## RECORDED INFORMATION
- - - - -
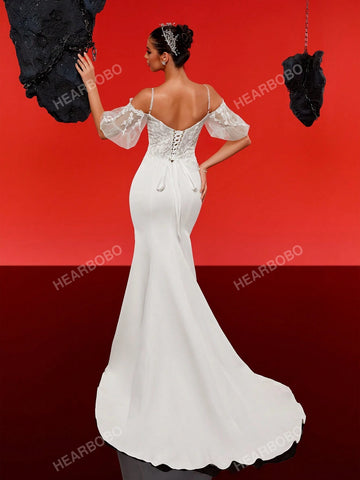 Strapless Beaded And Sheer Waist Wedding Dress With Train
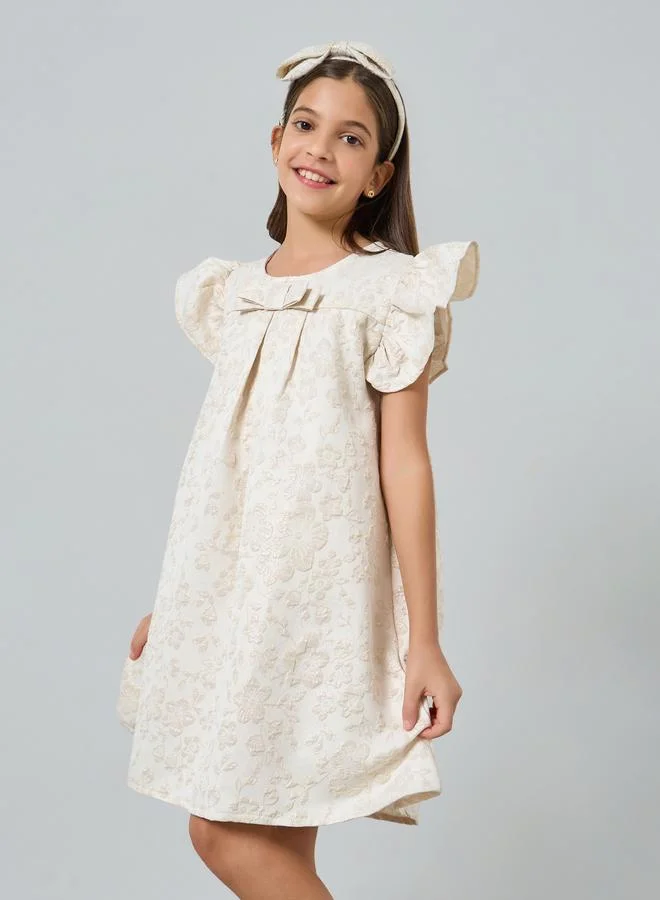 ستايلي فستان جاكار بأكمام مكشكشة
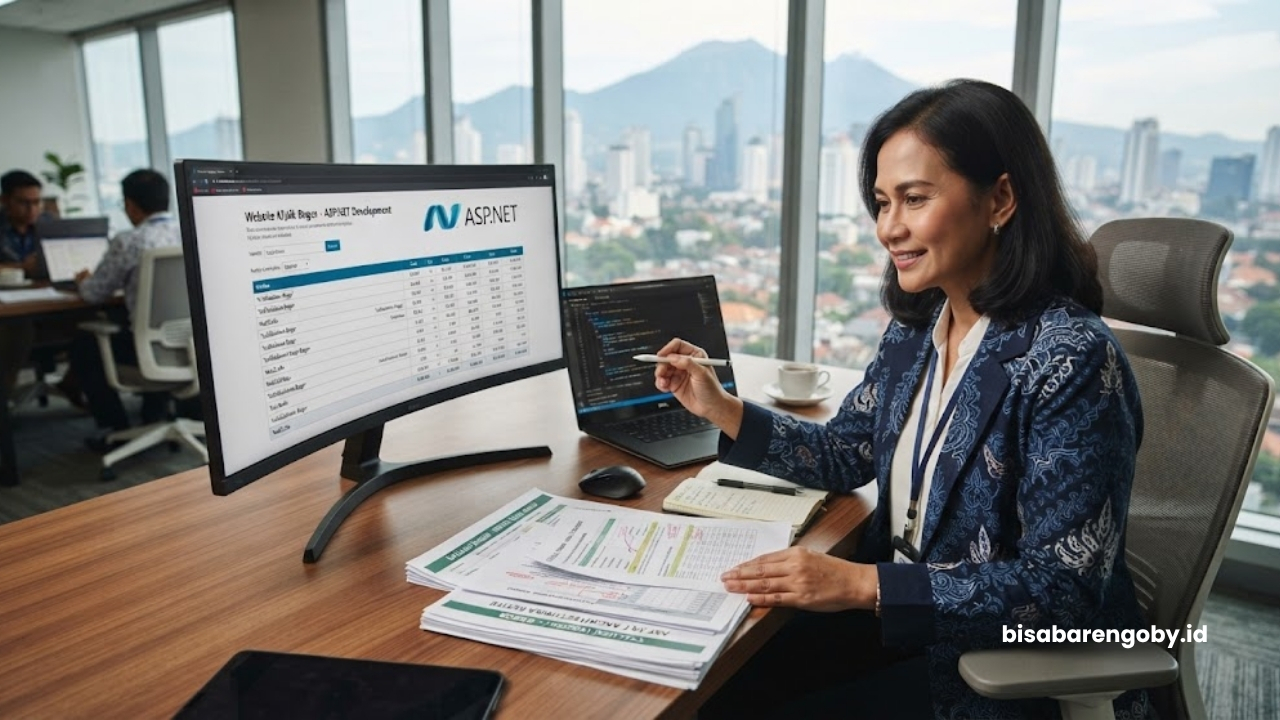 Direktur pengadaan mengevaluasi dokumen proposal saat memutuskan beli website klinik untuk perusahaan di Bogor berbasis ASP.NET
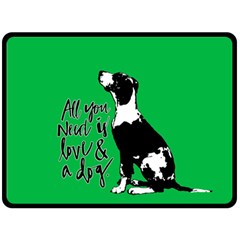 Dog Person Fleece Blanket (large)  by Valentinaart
- - - - -
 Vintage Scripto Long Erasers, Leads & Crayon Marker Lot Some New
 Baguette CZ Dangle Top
- - - - -
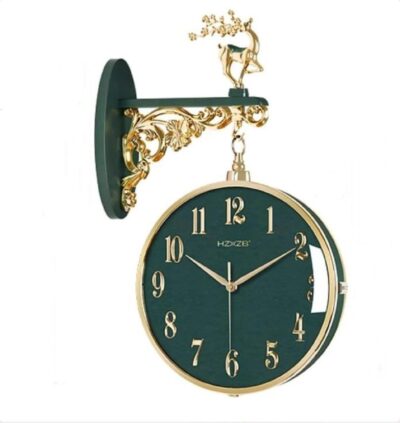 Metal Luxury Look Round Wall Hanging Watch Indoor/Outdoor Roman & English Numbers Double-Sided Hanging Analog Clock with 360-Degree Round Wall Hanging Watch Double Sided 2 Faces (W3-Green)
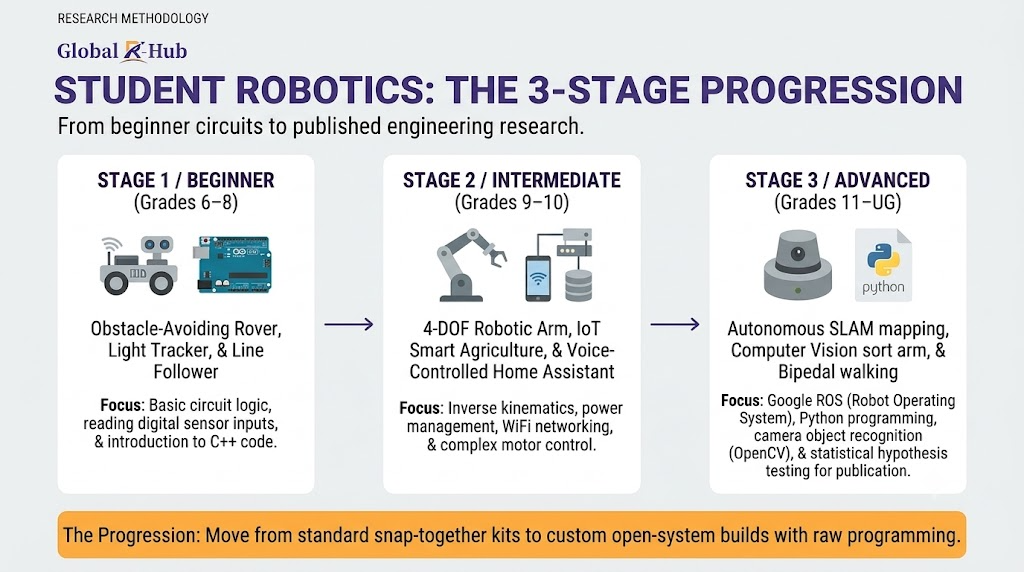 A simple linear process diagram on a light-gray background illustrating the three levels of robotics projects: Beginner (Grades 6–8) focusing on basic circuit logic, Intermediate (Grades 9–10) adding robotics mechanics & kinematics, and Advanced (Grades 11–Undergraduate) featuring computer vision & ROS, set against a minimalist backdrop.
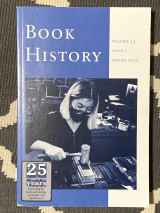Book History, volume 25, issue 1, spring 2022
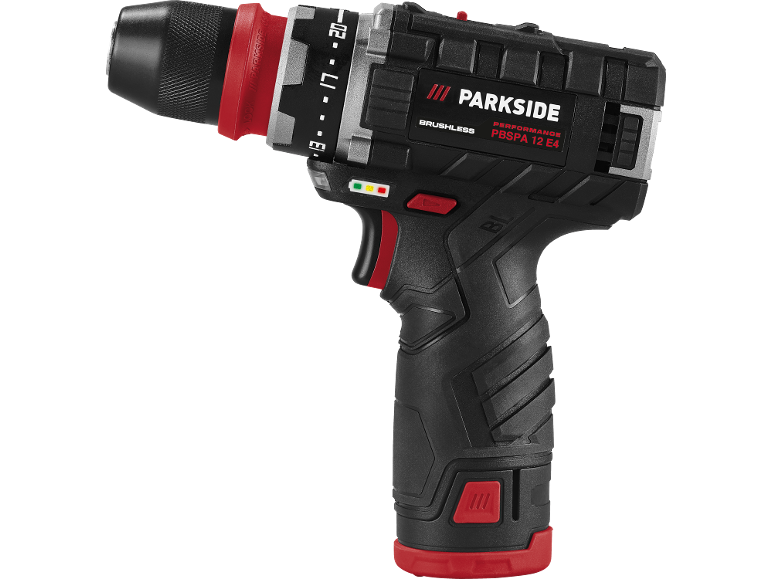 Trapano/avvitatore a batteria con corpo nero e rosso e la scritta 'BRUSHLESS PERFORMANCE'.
- - - - -
## EXERCISE AIM
In the entries above, find the line with "Metal Luxury Look" and the line with "Trapano/avvitatore a batteria". Return exactly those lines and all the ones between them, pictures excluded.

## OUTPUT FOR THIS TASK
 Metal Luxury Look Round Wall Hanging Watch Indoor/Outdoor Roman & English Numbers Double-Sided Hanging Analog Clock with 360-Degree Round Wall Hanging Watch Double Sided 2 Faces (W3-Green)
 A simple linear process diagram on a light-gray background illustrating the three levels of robotics projects: Beginner (Grades 6–8) focusing on basic circuit logic, Intermediate (Grades 9–10) adding robotics mechanics & kinematics, and Advanced (Grades 11–Undergraduate) featuring computer vision & ROS, set against a minimalist backdrop.
Book History, volume 25, issue 1, spring 2022
 Trapano/avvitatore a batteria con corpo nero e rosso e la scritta 'BRUSHLESS PERFORMANCE'.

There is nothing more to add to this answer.